Route 76 begins at Willow Springs. Within a couple of miles, the highways enters the Mark Twain National Forest, which it leaves after seventeen miles (27 km). At the Douglas County line it begins five mile (8 km) concurrency with Route 181. North of Vanzant is an intersection with Route 95, and 23 miles (37 km) further west is the northern junction with Route 5. On the west side of Ava, Route 76/Route 5 has an intersection with Route 14, and south of Ava, Route 76 will turn west off Route 5.

At Brownbranch, the highway enters another part of the Mark Twain National Forest, and at Bradleyville, it has a short concurrency with Route 125. At Kissee Mills, the road turns west with U.S. Route 160 and the two are united to Forsyth. At Forsyth, Route 76 leaves US 160 and crosses Bull Shoals Lake. At Branson, the road crosses Lake Taneycomo and crosses over U.S. Route 65.

West of US 65, the road is known as 76 Country Music Boulevard. 76 Country Music Boulevard is a long strip of music theaters, motels, outlet malls, and other tourist stops[citation needed]. It is a long, wide road (three-lanes including a non passable center lane) which can be plagued with traffic during much of the day and especially towards show times (usually from 6-8 PM) and after they get out (around 9-10PM). Several beltways (including Route 165 and Route 465) have been built to help divert traffic off this highway.[citation needed] In the theater area, Route 76 intersects Route 165, Route 376, and Route 465. On the west side of Branson, a concurrency with Route 265 begins; at Branson West, a concurrency with Route 13 begins. At Reeds Spring, Route 76 turns west towards Cape Fair. At Cape Fair is the southern terminus of Route 173.

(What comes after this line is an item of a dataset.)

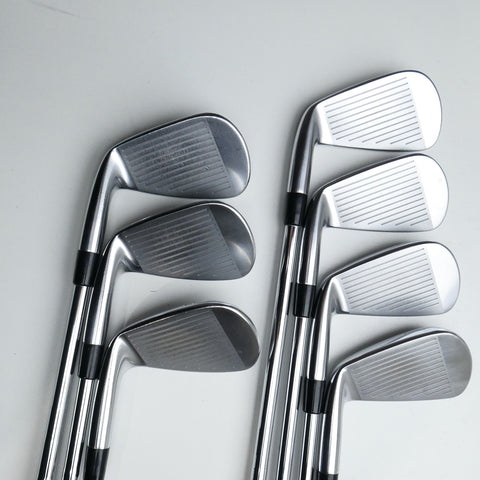 Used Mizuno Pro 243 Iron Set / 4 - PW / X-Stiff Flex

At the Barry County line, Route 76 enters the Mark Twain National Forest for a third time. Eight miles into the forest is a short, one-mile (1.6 km) concurrency with Route 39. At the west limits of the national forest, Route 76 unites with Route 86; they are concurrent for sixteen miles. At Cassville is a short concurrency with Route 112 and an intersection with Route 37. The road becomes less winding and hilly in this area.

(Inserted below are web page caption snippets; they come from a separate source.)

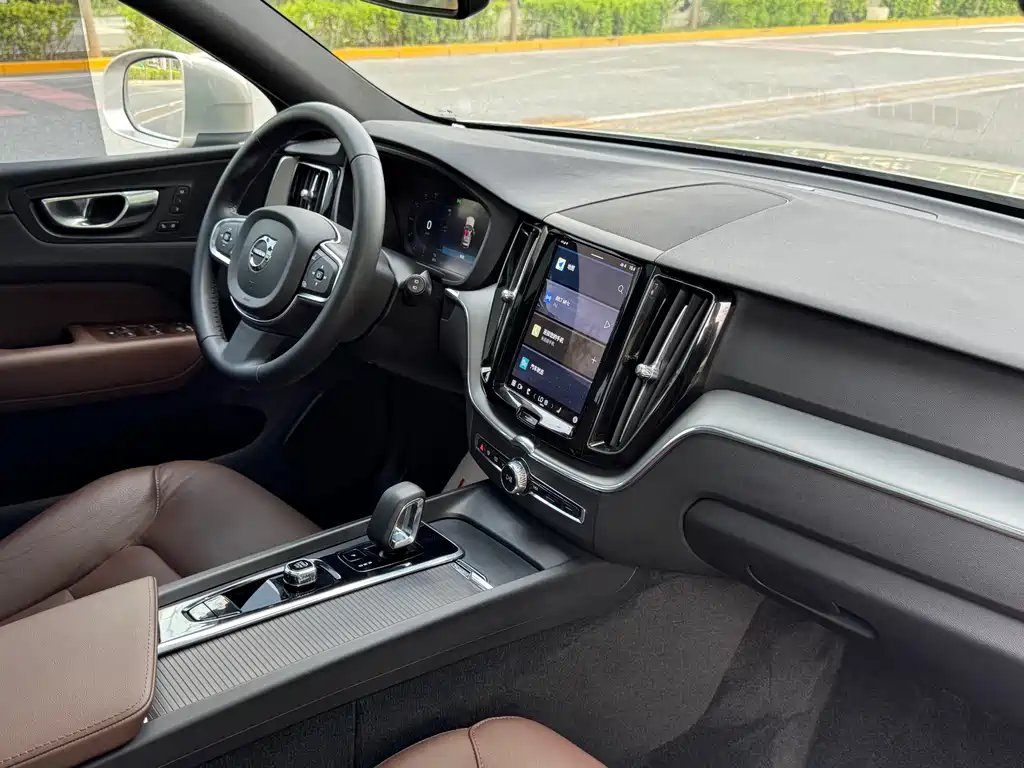 Volvo XC60 2024 — фото 18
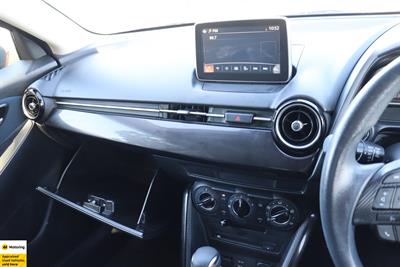 2015 Mazda Demio - Thumbnail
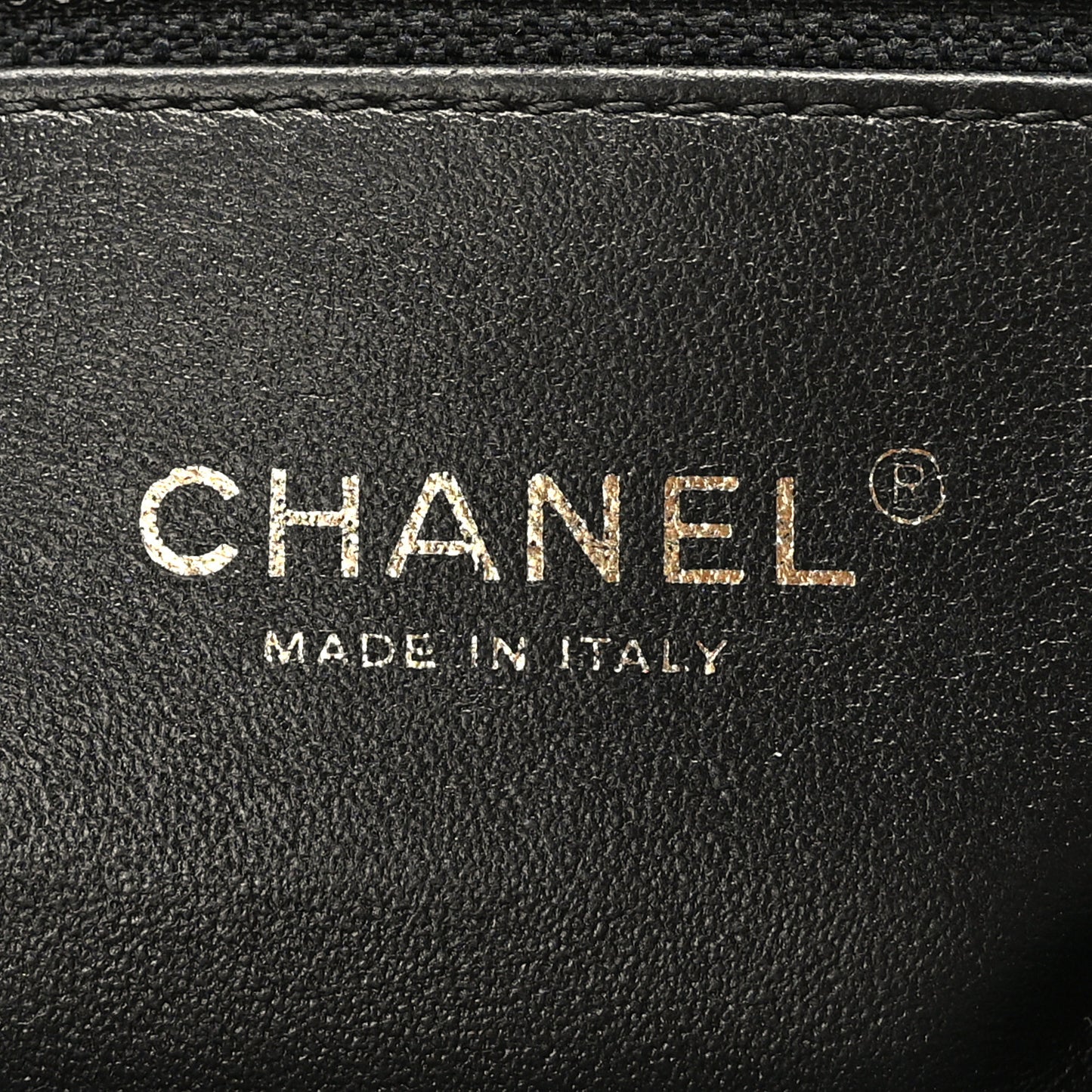 Caviar Quilted Medium CC Filigree Flap Navy Black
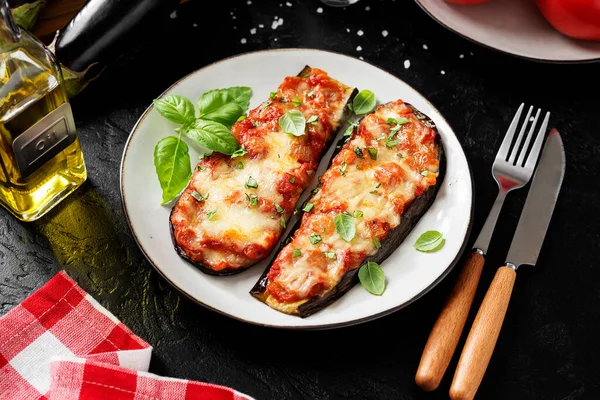 Gebackene Auberginen Mit Mozzarella Gehackten Tomaten Und Frischen Basilikumblättern Vegetarisches — Stockfoto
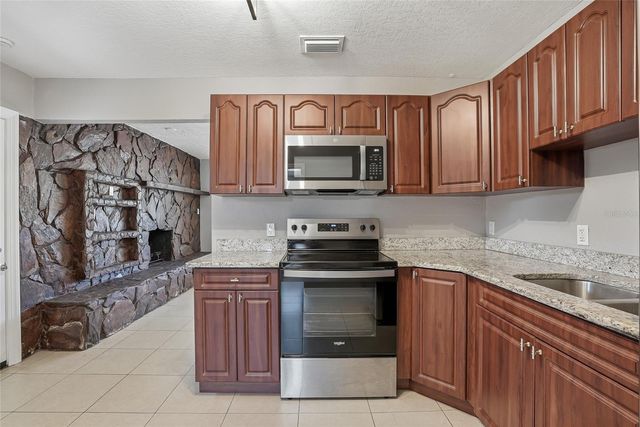 6712 RIVER ROAD, Tampa, FL 33615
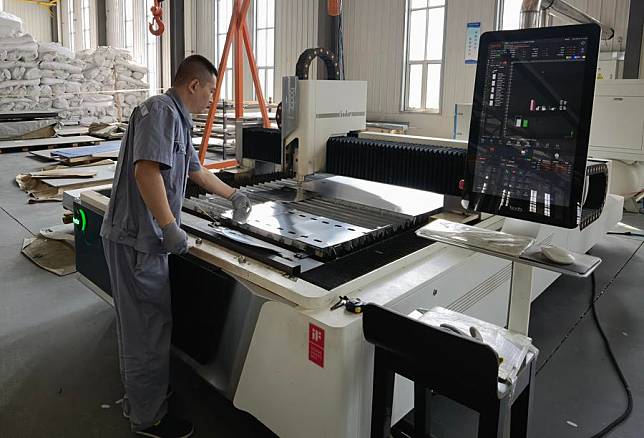 A man works at a workshop in Tianjin Carlieuklima Heat Energy Equipment Manufacturing Co., Ltd., in north China's Tianjin, Sept. 11, 2024. (Xinhua/Song Rui)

At Wheaton, Route 86 turns north. Route 76 continues west through McDonald County. At Anderson, Route 76 has an interchange with U.S. Route 71, and just west is a two mile (3 km) concurrency with Route 59. Seven miles west of Anderson, the highway joins Route 43, turning north with that highway three miles. At the northwest junction, Route 76 turns west for one mile (1.6 km) and enters Tiff City. The western limit of Tiff City is the Oklahoma state line, where Route 76 becomes a county road on the county line of Ottawa County and Delaware County, Oklahoma.

History

Route 76 was initially designated in 1922, running from south of Spokane to Forsyth. The longer Route 78 passed through Forsyth on its path between Branson and the northeast corner of Taney County. In about 1929, Route 76 was extended west to Reeds Spring, and in the early 1930s Route 78 was extended northeast to Ava. With the extension of Route 80 west from Gainesville in the 1930s or 1940s, Route 78 west of Forsyth became part of Route 80, and the rest was absorbed into Route 76, which now connected Reeds Spring to Ava. US 160, designated in Missouri in the mid-1950s, initially followed Route 80 to Branson. It later moved to Route 76 west of Forsyth, and Route 76 was extended west via Branson, replacing part of Route 148 and much of Route 44. Route 44 had been designated in 1922 from Anderson to Abesville, and later extended west to Tiff City and east to Rockaway Beach. In the late 1950s, it was split up due to I-44, becoming Route 76 west of Cassville, Route 148 from Cassville to Galena, and a new Route 176 from Galena to Rockaway Beach.